Valee ft. Jeremih — “Womp Womp”

New GOOD Music signee Valee is plugging along and steadily building his name, releasing quality music that showcases his feel-good, melodically adept sound. His latest offering is “Womp Womp,” a song with Jeremih that sidesteps the lazy “Jeremih-is-on-the-hook-because-I-can’t-sing” trope and serves as more of a duet. The two trade verses using an off-kilter, sing-songy flow and drop some fun bars about custom whips and bankrolls over a gnarly bass and thumping 808s.

Ty Dolla $ign/ 21 Savage — “Clout”

The term clout has seen a major hip-hop revival in the past couple years. It used to be used heavily by ’90s west coast artists, but now every young rapper coming up or trying to come up is accusing or being accused of “clout-chasing” usually via social media. Ty Dolla Sign and 21 Savage are two artists who definitely aren’t about attention-whoring, but they’re all about seeing what other people are down to “do for the clout” on their latest banger “Clout.” Ty Dolla Sign starts the song off with a melodic verse before 21 Savage brags about his “Balenciaga Bookbag” and goes in with his measured flow over murky 808s.

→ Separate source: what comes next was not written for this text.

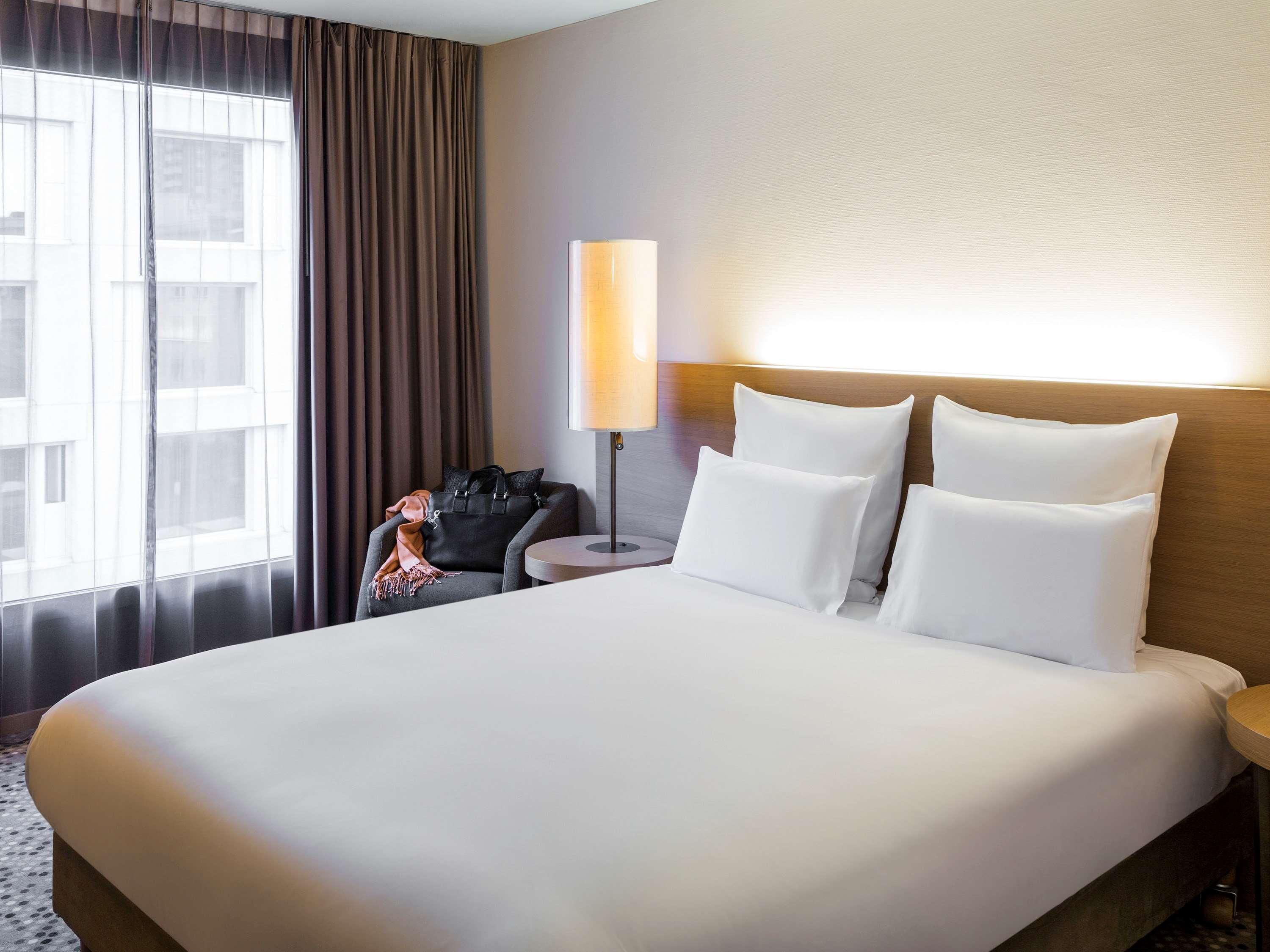 Pullman Basel Europe Hotel Екстериор снимка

Juicy J ft. Suicideboys — “Chokehold”

No one can generalize the hip-hop age gap as some figurative, arbitrary aperture that no one’s willing to cross. You’ve probably heard before that Three Six Mafia’s 808-heavy sound has been updated to provide the sonic wave for certain trap artists of today — but they aren’t bitter about the circumstance. Juicy J has been collaborating with the young boys for years, deftly jumping on records with production derived from ’90s offerings. Such is the case with “Chokehold,” a song from his ShutDaFukUp mixtape. He collaborated with Florida act SuicideBoys on “Chokehold,” who are one of the acts that most harkens back to Three Six’s frenetic, horror movie-influenced sound.

Wale — “Salary Kaep”

Wale is keeping the music coming. He made waves by recently claiming his relative lack of success is due to his dark skin, which is a pretty dubious statement considering he stands next to Rick Ross and Meek Mill. One thing that’s not up for much debate is his lyrical gift when he focused. He showcased them on “Salary Kaep,” a song from his Self Promotion EP that examines the sacrifice Colin Kaepernick and other athletes are making against sports leagues that, in so many words, seem to want them to “shut up and play.” Wale references him and other athletes on the record where he flouts his “colored people pride” and surmises that “me and my people need to rise up.”

Lil Baby — “Southside”

Quality Control is taking over the game, not just because of Migos and new management client Cardi B, but Lil Baby, an up-and-comer feeding the Atlanta streets with that hotboy talk they love to hear. Take his recent ode to his “Southside” Atlanta neighborhood, over thunderous 808s. Baby rhymes with a melodic, quick-tongued cadence about his fallen partners, the women he’s met on the Southside, and all the actions he and his team have been involved in.

SiR — “D’evils”

SiR’s November actually dropped in January, which has made it one of the year’s most under-the-radar offerings. The gifted vocalist fits in perfectly with TDE’s soulful, groovy vibe, releasing an album showcasing a range of sounds. “D’evils” is an undeniably Island-influenced jam, with a gyrating bassline and West Indian vocals on the chorus. SiR muses introspectively about how “life is so much better when you live in slow motion” on the track that was probably a 4/20 favorite but still gets love this week. The song’s cinematic visual was helmed by “God’s Plan” director Karena Evans.